Ein alternativer Weg, bivariate Daten mit vielen Ausprägungen übersichtlich zu zeigen, sind Grafiken. Die einfachste Grafik ist ein Streudiagramm (engl. scatterplott), vgl. Kapitel 5.
Beispiel:
Wir betrachten weiterhin den Dataframe mocksoep
, eingeschränkt auf Beobachtungen aus dem Jahr r
jahr. Uns interessieren die beiden Variablen
hours(Arbeitsstunden im Jahr) und
postgov` (das Nettoeinkommen nach Steuern und Transfers). Da das Nettoeinkommen einige sehr große Ausreißer hat, logarithmieren wir die Werte.
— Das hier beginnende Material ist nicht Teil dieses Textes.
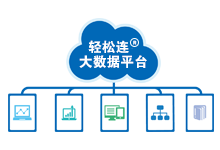 輕松連?大數(shù)據(jù)平臺(tái)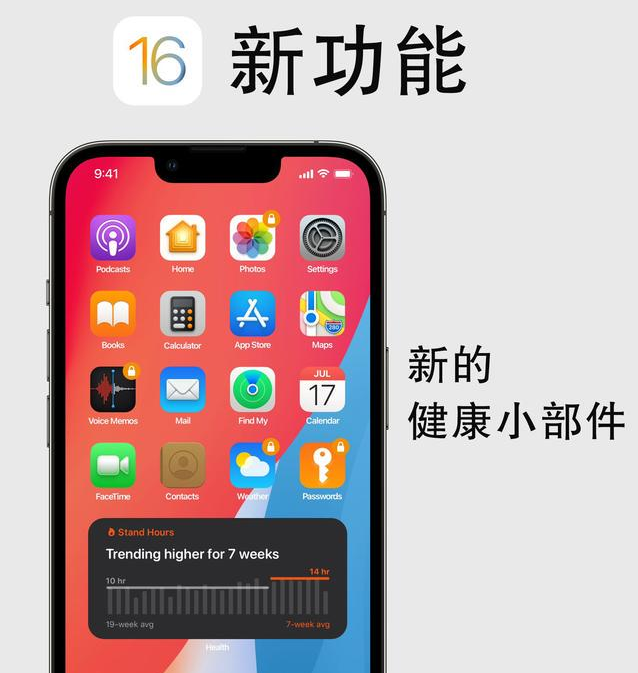 丰满苹果手机维修分享iOS16新功能汇总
Ohne Logarithmierung würden der Bereich, der am häufigsten vorkommt, ganz an den Rand der Abbildung gequetscht werden.
In R kann ein Streudiagramm wie folgt erzeugt werden:
ggplot(soep, aes(hours, log(postgov))) +
geom_point()+
ggtitle("Streudiagramm")
Manche Bereiche in diesem Plot sind nur schwarze Flächen, weil dort sehr viele Punkte zusammenkommen. In solchen Fällen hilft es, die Punkte etwas transparent zu machen. Die Option in geom_point
für die Transparenz ist alpha
. Die Option nimmt Werte zwischen 0 (total transparent, also unsichtbar) und 1 (keine Transparenz) an.
ggplot(soep, aes(hours, log(postgov))) +
geom_point(alpha=0.1)+
ggtitle("Streudiagramm")
Ein alternativer Weg, bivariate Daten grafisch darzustellen, bieten zweidimensionale Histogramme. In ggplot
sind 3D-Darstellungen nicht möglich. Die dritte Dimension, also die Höhe der Histogramm-Säulen wird durch die Farbe symbolisiert.
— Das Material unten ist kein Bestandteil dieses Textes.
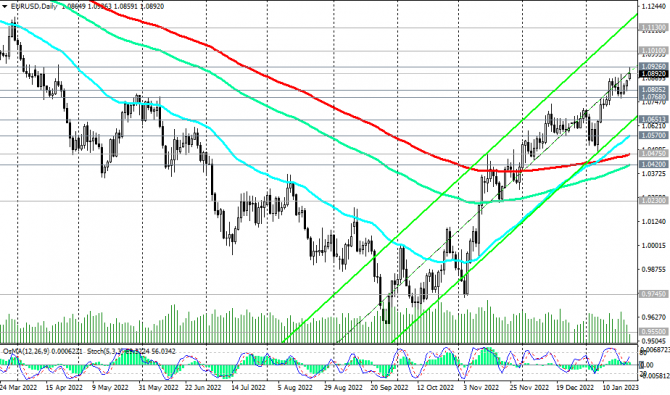 EUR/USD:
ggplot(soep,aes(hours,log(postgov))) +
geom_bin2d() +
ggtitle("Bivariates Histogramm")
Die hellblauen Bereiche sind besonders stark im Datensatz vertreten. Es gibt also viele Personen, die 0 Arbeitsstunden angegeben haben, und viele Personen mit etwas mehr als 2000 Arbeitsstunden. Außerdem ist zu erkennen, dass es tendenziell einen leicht gleichgerichteten Zusammenhang zwischen den beiden Variablen gibt. Je mehr Arbeitsstunden, desto höher ist im Schnitt das (log.) Nettoeinkommen.
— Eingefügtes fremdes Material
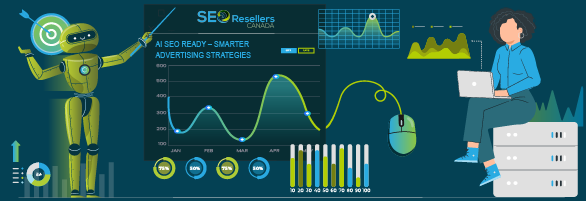 AI SEO Ready – Smarter Advertising Strategies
Auch Kerndichten, also quasi geglättete Histogramme, sind im bivariaten Fall möglich.
ggplot(soep, aes(hours, log(postgov))) +
geom_density_2d()+
ggtitle("Kontour-Plot")
Dieser sogenannte Kontour-Plot zeigt Höhenlinien wie auf einer Landkarte. Es gibt also zwei Gipfel, einen bei 0 Arbeitsstunden und einem logarithmierten Nettoeinkommen von ungefähr 10.2, und einen zweiten Gipfel bei etwas mehr als 2000 Arbeitsstunden und einem (log.) Nettoeinkommen von rund 10.8. Wie schon oben gesehen, gibt es also viele Personen, die nicht auf dem Arbeitsmarkt tätig sind und viele Personen, die eine Vollzeitstelle haben. Nicht überraschend, ist das Nettoeinkommen für die Personen mit einer Vollzeitstelle höher.